View service details
Click a service and select View Details.
The service details page enables you to view:
-
The cluster name where the service is hosted (1)
-
The namespace and service labels of the service (2) (4)
-
All associated incoming and outgoing services connected with the selected service (3)
-
Service key metrics in a graph format such as Hits, Response time, Errors, Data volume, SSL frontend errors, and TCP frontend errors. The Metrics with Anomalies tab enables you to view the anomalies for a specific duration (5).
For more information, see Monitor services using the golden signal metrics.
-
The backend pods associated with the service (6).
Using these key metrics trends, you can analyze how the service is performing for a specific time duration.
For example, consider that a service indicates Service Response Time > 700 ms for all requests. As an administrator, you can:
-
Analyze the Service Response Time metric trend for a specific duration
-
Troubleshoot the issue
-
Check the Service Response Time metric again to analyze if the response time has improved
Metrics details
Metrics | Description |
---|---|
Hits | The total number of requests received by the service |
Errors | The total HTTP errors from the service |
Service Response Time | The average response time taken from the service to respond for Time To First Byte (TTFB). |
Data Volume | The total data volume processed by the service |
SSL front-end errors | The total SSL front-end errors from the service. For example: SSL CLIENTAUTH FAILURE |
SSL back-end errors | The total SSL back-end errors from the service. For example: SSL Client Errors |
TCP back-end errors | The total TCP back-end errors from the service. For example: TCP Server Reset |
TCP front-end errors | The total TCP front-end errors from the service.

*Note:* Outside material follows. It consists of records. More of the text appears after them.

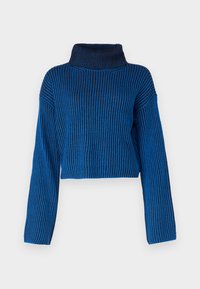 NMTONE  - Strikkegenser - lapis blue/black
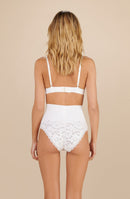 betty triangle bra blanc foam lace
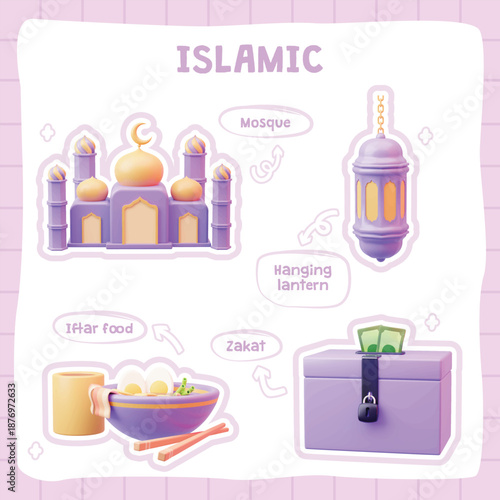 Islamic Mosque Charity and Iftar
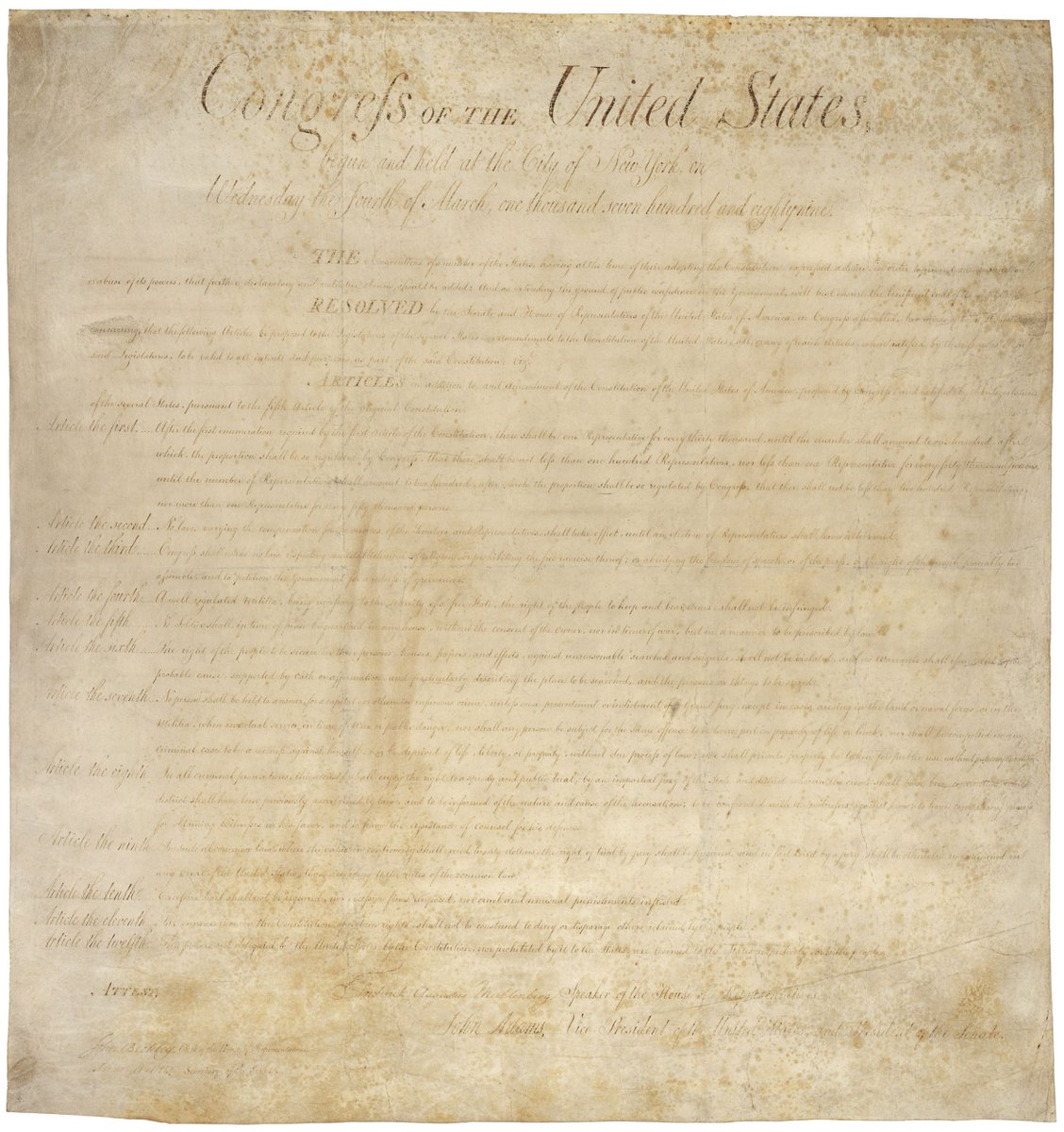 Explore several educational activities from DocsTeach for Bill of Rights Day! 

#BillOfRights #BillOfRightsDay

ow.ly/XKS150M2gqY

For example: TCP Client Reset |
View backend pod details
Click the Pods tab to view the backend pods associated with the service.
-
Pod name – Denotes the pod name
-
Status – Denotes if the pod is running (UP) or not (DOWN).
-
IP address – Denotes the pod IP address
Use the Poll Now option to get the pod status
The Poll Now option fetches the latest pod status from the cluster.

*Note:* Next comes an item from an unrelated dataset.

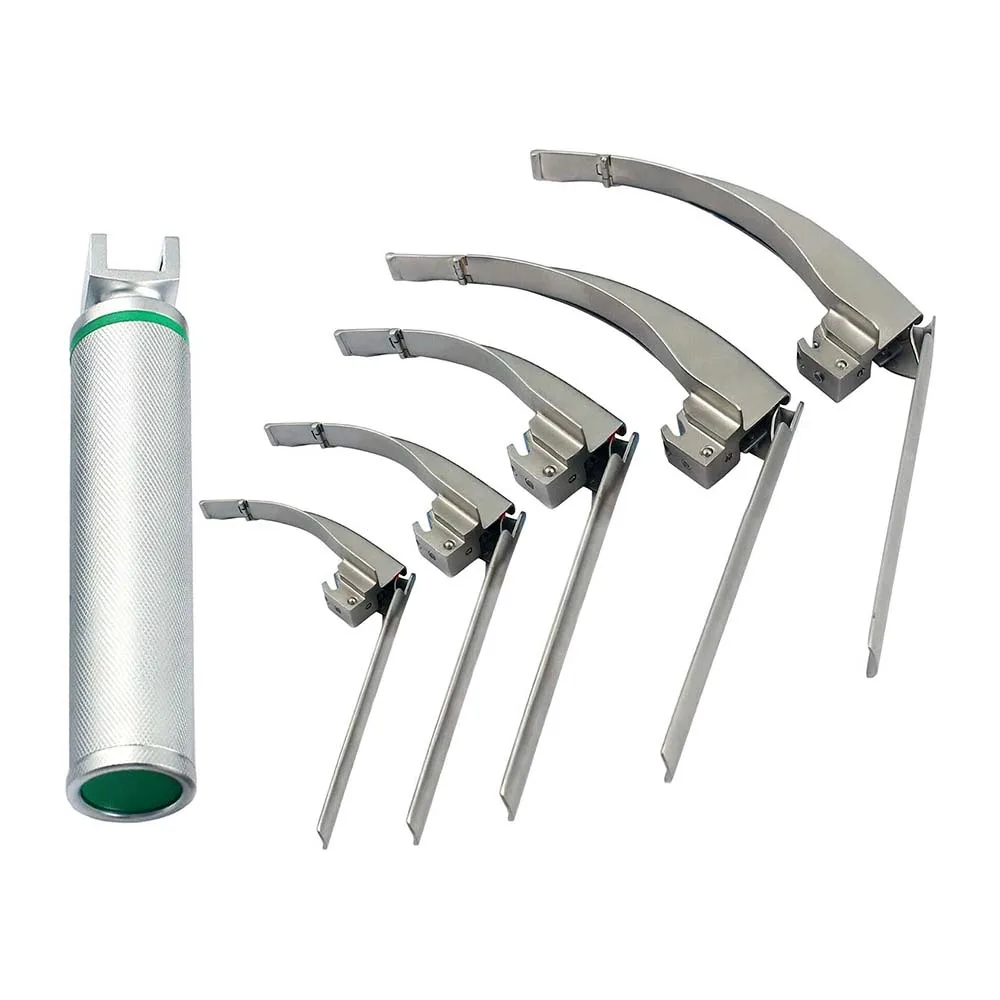 Low MOQ Flexi-Tip Fiber Optic LED Intubation Set 6pcs Blade #1#2#3#4 & #5 + 1 Medium Handle - First Responder Kit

Monitor services using the golden signal metrics
The golden signal metrics in services running in Kubernetes cluster refer to a set of metrics that enable you to detect potential anomalies for a specific duration. When you have 100 s of microservices in the Kubernetes cluster, identifying a service that has frequent issues might be difficult. The following three key metrics are the golden signal metrics that NetScaler Console graph can help you identify potential anomalies for a Kubernetes service:
-
Hits
-
Response Time (Avg) and Response Time (P99)
-
Errors
As an administrator, using these metrics, you can:
-
Identify the service status
-
Critical – Service has anomalies or threshold breach in multiple metrics
-
Review – Service has anomalies or threshold breach in any one of the metrics
-
Good – Service with no anomalies or no threshold breach
-
-
Analyze how many anomalies are identified in each metric
-
Troubleshoot the issue and avoid any major impact
Identify anomalies
When you click a service and select View Details, the service details page displays the overview of all metrics. Click Metrics with Anomalies tab to view the anomaly details.

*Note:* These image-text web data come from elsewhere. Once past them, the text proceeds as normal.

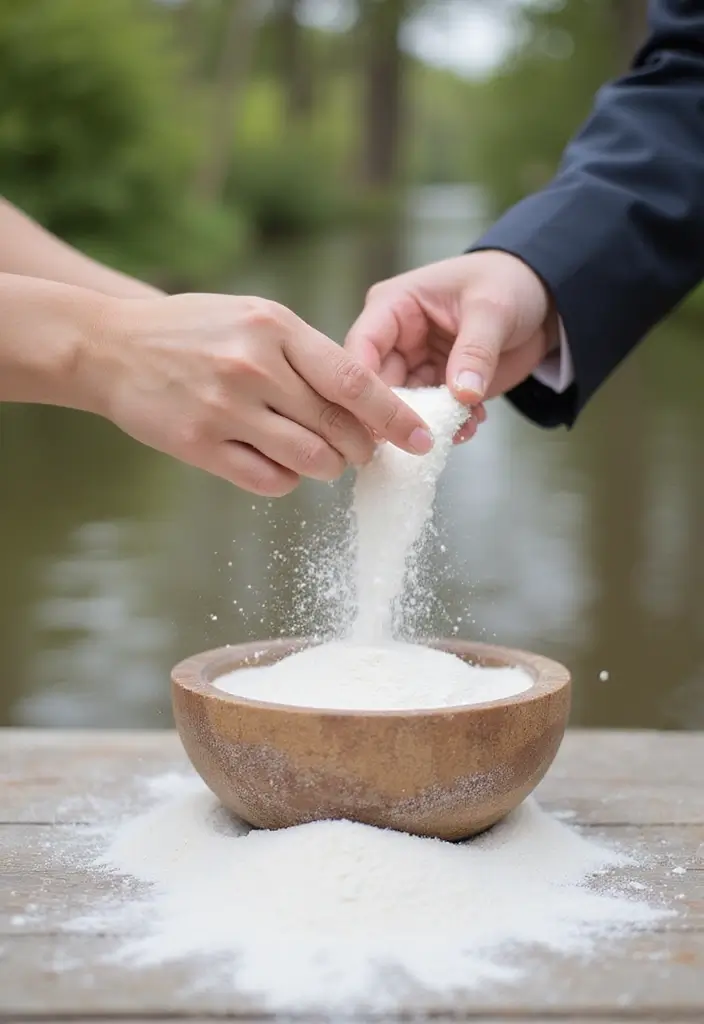 29 White Wedding Ideas That Feel Timeless - 28. Symbolic White Unity Ceremony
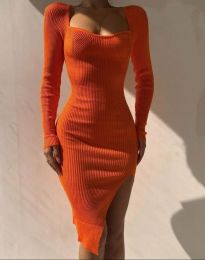 Obleka - koda 1065 - oranžna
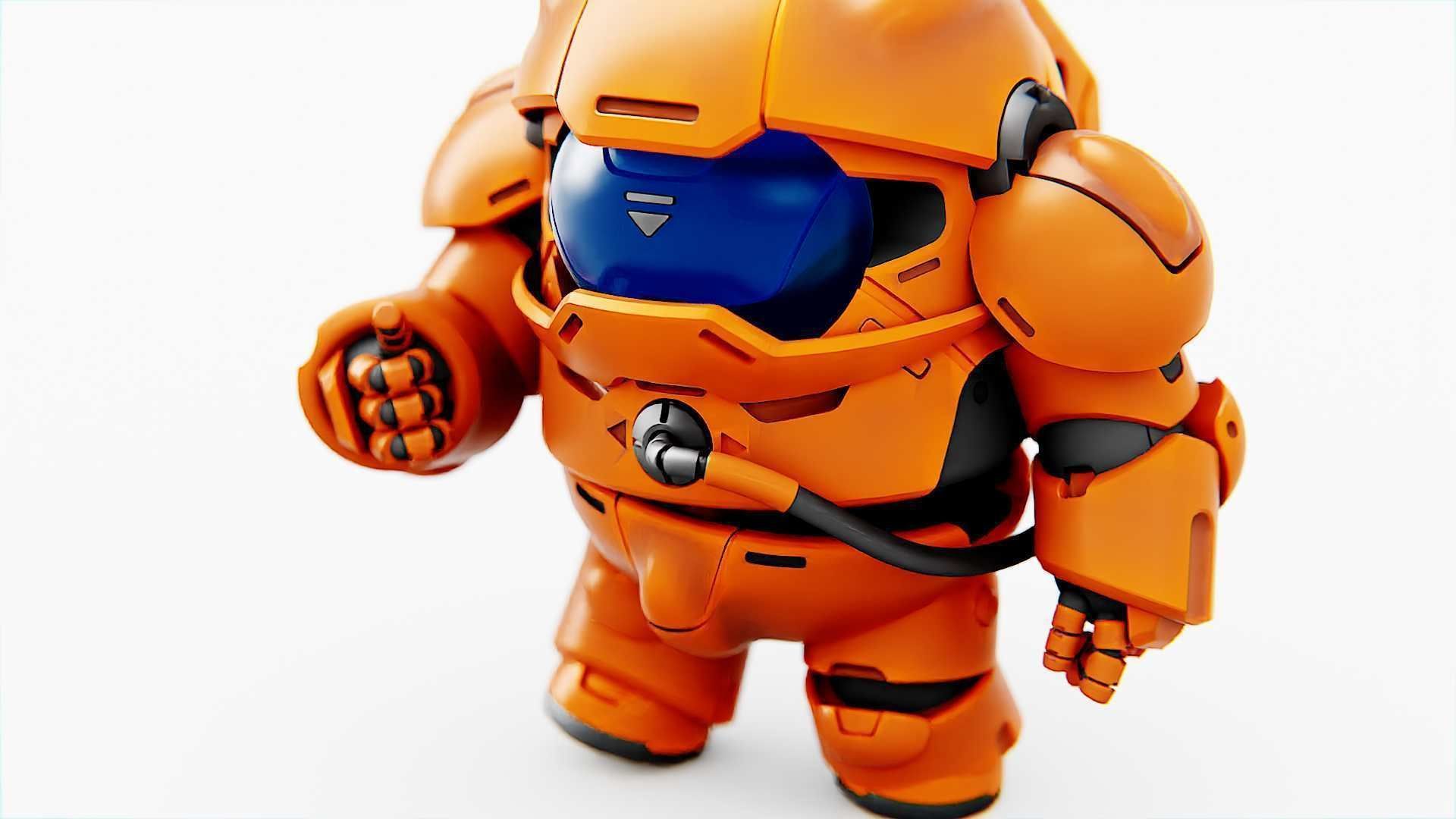 AMONG US   Rigged for Unreal Engine - Unity - MIXAMO 3D model_18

For each metric, the graph enables you to view the anomalies detected whenever the expected range exceeds. You can click the options to filter the views in the graph.
Consider that you want to analyze the anomalies for the service Response Time (P99).
Under Response Time, you can view the following details for the selected time duration:
-
99th percentile – Indicates that the 99% of the requests for the selected duration is less than 60 ms
-
Average – Indicates the average response time from the service
-
99.9th percentile – Indicates the highest response time from the service
-
Anomalies – Indicates the total anomalies detected
The graph also enables you to view the expected range for the selected time duration. According to the example, you can view:
-
The response time expected range is between 1 ms and 9 ms.
-
Two anomalies detected for the service (one for 60 ms and another for 25 ms), because the service response time has exceeded more than the expected range (between 1 ms and 9 ms).